2. Un système de répartition européenne qui peine à se mettre en place
Un système européen de répartition des réfugiés a été mis en place en deux temps . Décidée par le Conseil de l'Union européenne le 27 mai 2015, une première répartition concernait 40 000 demandeurs d'asile , arrivés en Grèce et en Italie. Sur la base d'une clé de répartition qui tient compte de la population, du produit intérieur brut, du nombre de demandeurs d'asile accueillis sur les dernières années et du taux de chômage 1 ( * ) , ce nombre a été réparti entre chaque pays, la France devant en accueillir 4 051 en provenance d'Italie et 2 701 en provenance de la Grèce sur 2016 et 2017.
Puis, au mois de septembre 2015, au regard de l'aggravation de la crise des migrants, le Conseil, sur la base d'une initiative commune de la France et de l'Allemagne, a proposé de relocaliser 120 000 migrants supplémentaires présents en Italie, en Grèce et en Hongrie. Selon la même clé de répartition, la France devrait en accueillir 24 031 sur 2016 et 2017.
Ainsi, au total, la France devrait donc accueillir 30 783 migrants dans le cadre des programmes de relocalisation d'urgence adoptés au niveau européen .

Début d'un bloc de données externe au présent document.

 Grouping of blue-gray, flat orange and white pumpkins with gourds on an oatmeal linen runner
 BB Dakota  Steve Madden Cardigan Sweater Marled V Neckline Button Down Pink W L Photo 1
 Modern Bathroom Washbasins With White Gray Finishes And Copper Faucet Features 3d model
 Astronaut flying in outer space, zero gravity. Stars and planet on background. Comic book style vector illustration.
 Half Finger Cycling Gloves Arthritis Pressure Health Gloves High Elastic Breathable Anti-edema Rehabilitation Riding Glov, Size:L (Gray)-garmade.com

Néanmoins, la mise en oeuvre de ce programme s'avère délicate. Au 1 er octobre 2016, seules 1 987 personnes ont été relocalisés en France dont 231 depuis l'Italie et 1 756 depuis la Grèce .
Cela s'explique par deux principales raisons. La première est qu'à la suite de l'accord entre l'Union européenne et la Turquie conclu le 18 mars 2016, le flux en provenance de la Méditerranée orientale, via la Grèce et la Turquie, s'est considérablement ralenti, voire tari. La seconde est que les caractéristiques des migrants, en particulier leurs nationalités, ne correspondent pas aux critères définis par le programme de relocalisation, qui s'adresse aux seuls migrants en « besoin manifeste de protection internationale » (Syriens, Irakiens, Erythréens). Or, les migrants qui déposent aujourd'hui leurs demandes en Europe, a fortiori ceux arrivés en Italie via la Libye, sont pour beaucoup des Soudanais ou des ressortissants d'autres pays d'Afrique subsaharienne.

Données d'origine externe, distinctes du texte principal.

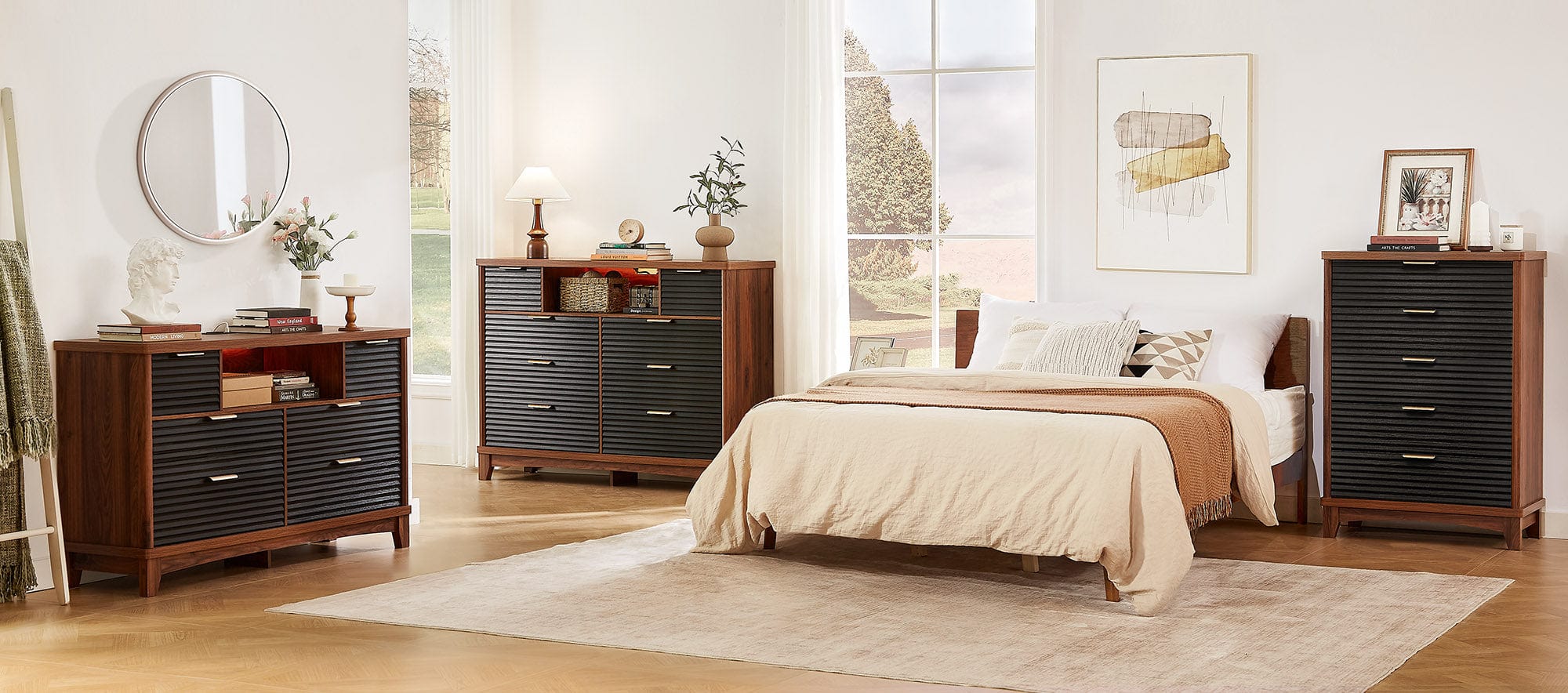 Aogllati Slanted Louvre Design Dressers for Bedroom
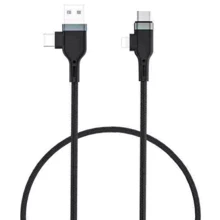 Кабель WIWU USB/USB-C to USB-C/Lightning Braided PD 20W 1.2m Black (PT06): Тип USB Cable - Lightning, USB Cable - USB-C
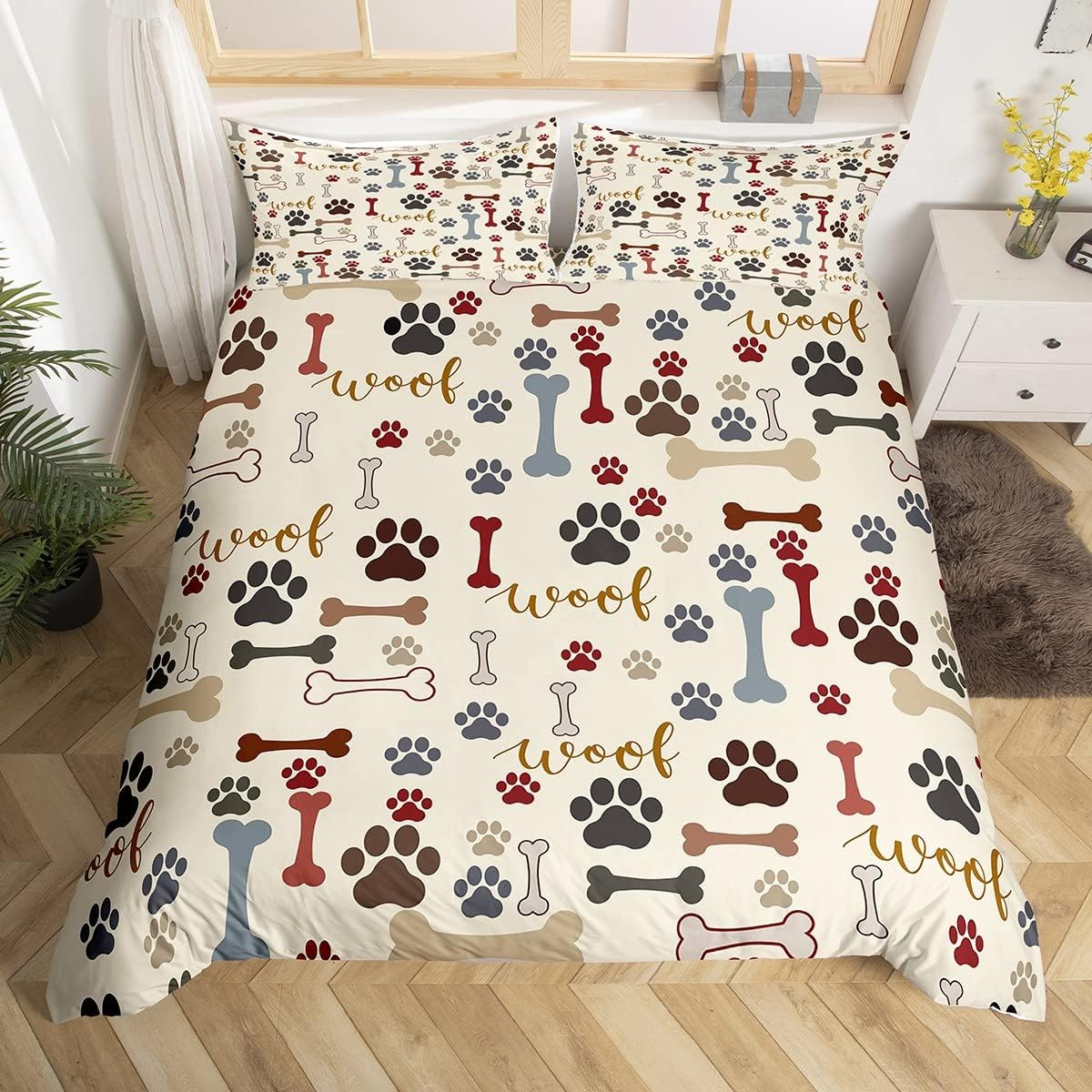 Cute Dog Paws Duvet Cover Single Size,Corgi Pug Lovely Animals Pets Comforter Cover for Kids Teens Adults Bedroom Decor,Dog Bones Cartoon Colorful Bedding Set 1 Pillowcase,No Comforter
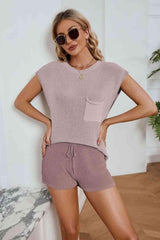 Everyday Look Cap Sleeves Knit Top and Shorts Set - MXSTUDIO.COM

Il n'en demeure pas moins que, s'il finissait par être véritablement mis en oeuvre, ce programme de relocalisation conduirait à une nouvelle augmentation des flux devant être pris en charge , même à titre très temporaire, par l'Office français pour la protection des réfugiés et des apatrides (Ofpra) et par les centres d'accueil pour les demandeurs d'asile et l'allocation aux demandeurs d'asile, puis par les dispositifs d'intégration du programme 104 une fois la protection accordée.
3. En France, une cristallisation de la crise migratoire dans le Calaisis et la région parisienne
Si les arrivées de migrants que connaît la France sont sans commune mesure avec celles observées en Allemagne, elles ont toutefois ceci de particulier d'être particulièrement concentrées sur quelques zones du territoire national qui cristallisent le débat politique et l'attention de l'opinion publique. Il s'agit essentiellement du Calaisis et de la région parisienne.

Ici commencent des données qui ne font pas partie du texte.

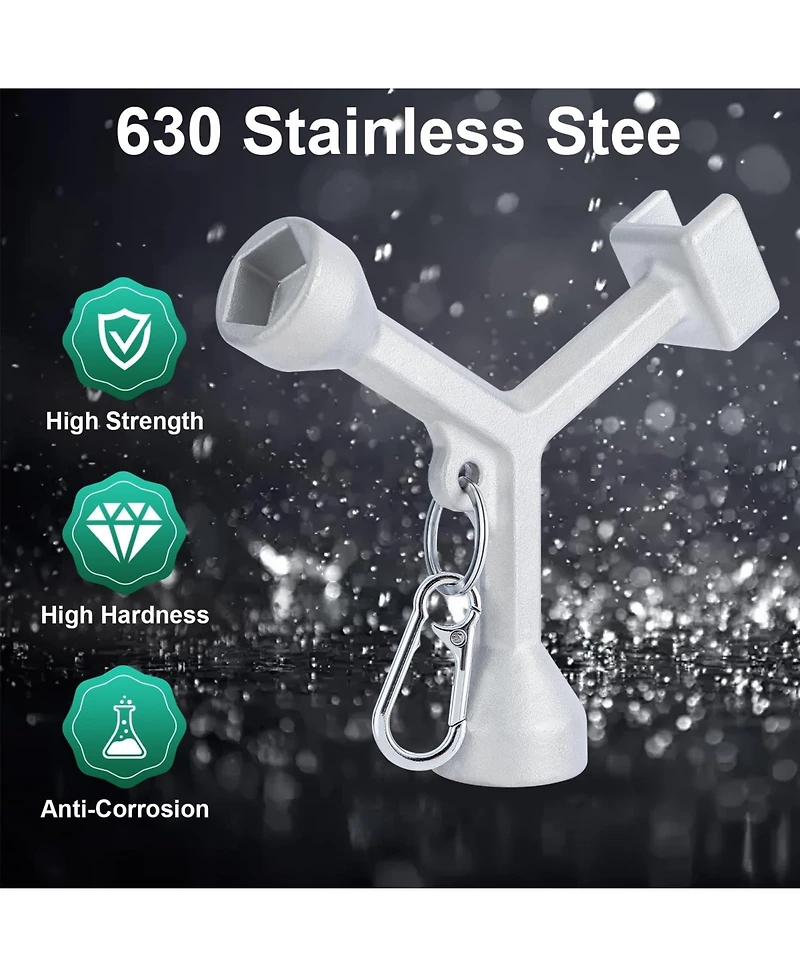 Xdovet 304 Stainless Steel Meter Curb Box Key Wrench Pentagon Bolts Pit Cover Water Valve Shut Off Tool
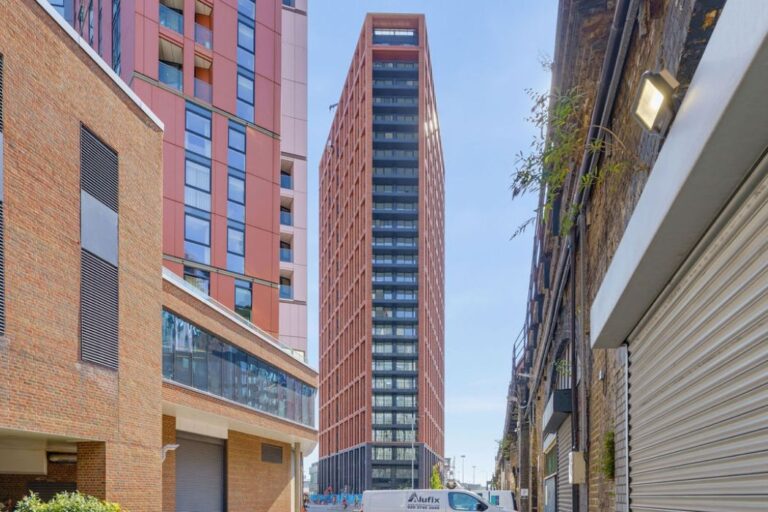 Exterior view of Apex One, a modern residential development in Nine Elms, London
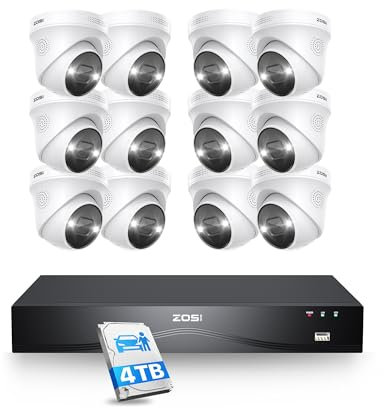 ZOSI 4K Kit Cámaras de Vigilancia PoE Exterior, 12x 8MP CCTV Cámara Seguridad con 16CH NVR(Ampliable a 32CH) y 4TB HDD, Detección de Persona/Vehículo, Visión Nocturna Color, Audio Bidireccional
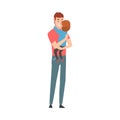 Father holds little son in his arms cartoon vector illustration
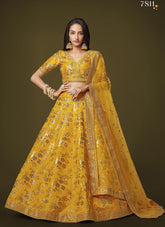 Silk Lehenga Choli in Yellow Color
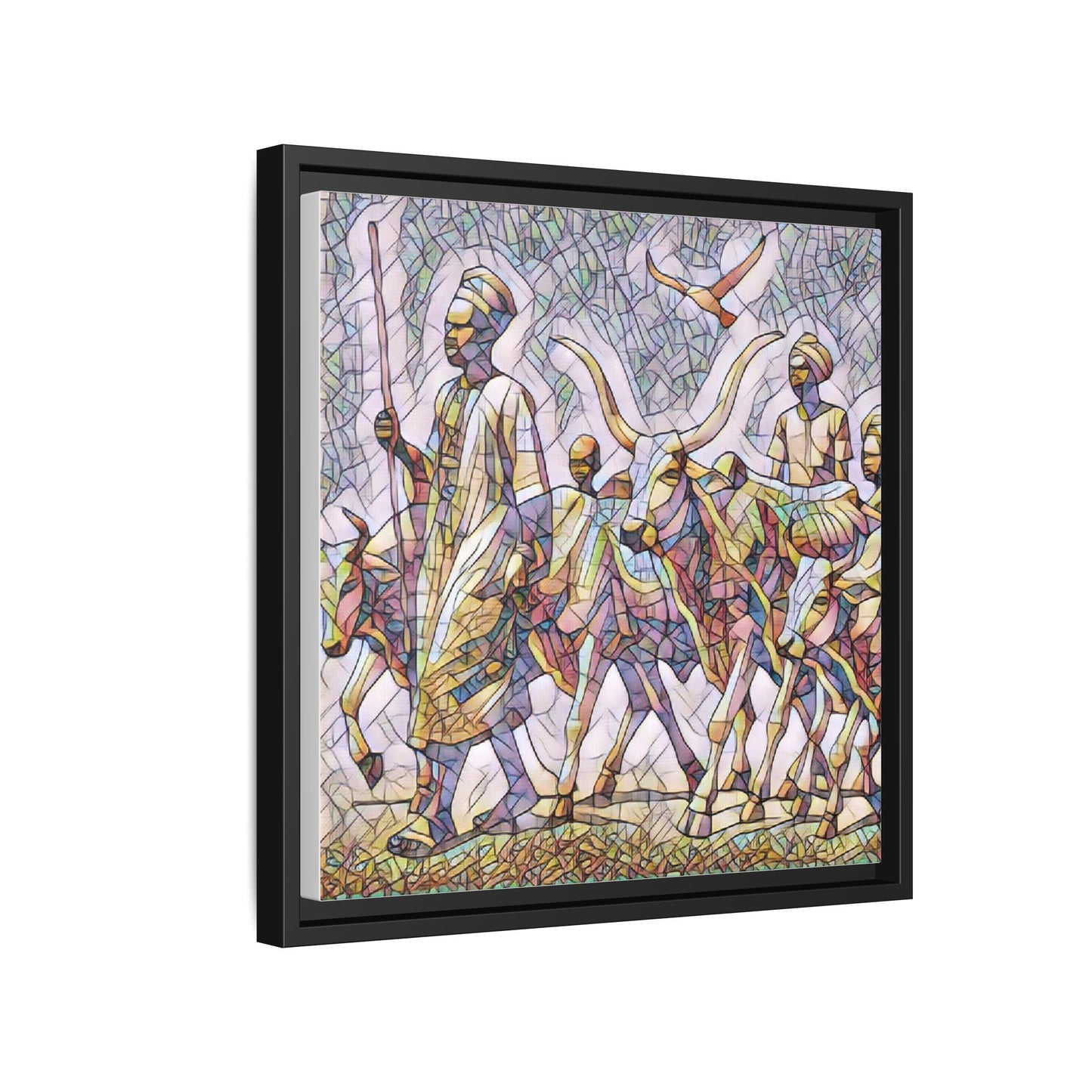 Framed Matte Canvas: Colorful African Herdsmen Art Print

Pour de nombreux migrants - ayant ou non déposé une demande d'asile en France ou dans un autre pays de l'Union européenne - qui cherchent à rejoindre le Royaume-Uni, la région de Calais constitue en effet un point d'arrivée sans issue. L'impossible franchissement de la mer de la Manche s'est traduit par l'installation progressive d'une « jungle », composée de campements spontanés réunis à proximité des containers d'un centre d'accueil et du centre Jules Ferry. L a préfecture du Pas-de-Calais a recensé 6 900 migrants en septembre 2016 2 ( * ) , soit le double de la population présente au printemps (après une décrue entre octobre 2015 et mars 2016). À Grande-Synthe (Dunkerque), le nombre de migrants était évalué à environ 700. Ces migrants ont fait l'objet, à la fin du mois d'octobre, d'une vaste opération de relocalisation en différents points du territoire national, afin de démanteler définitivement la « jungle ».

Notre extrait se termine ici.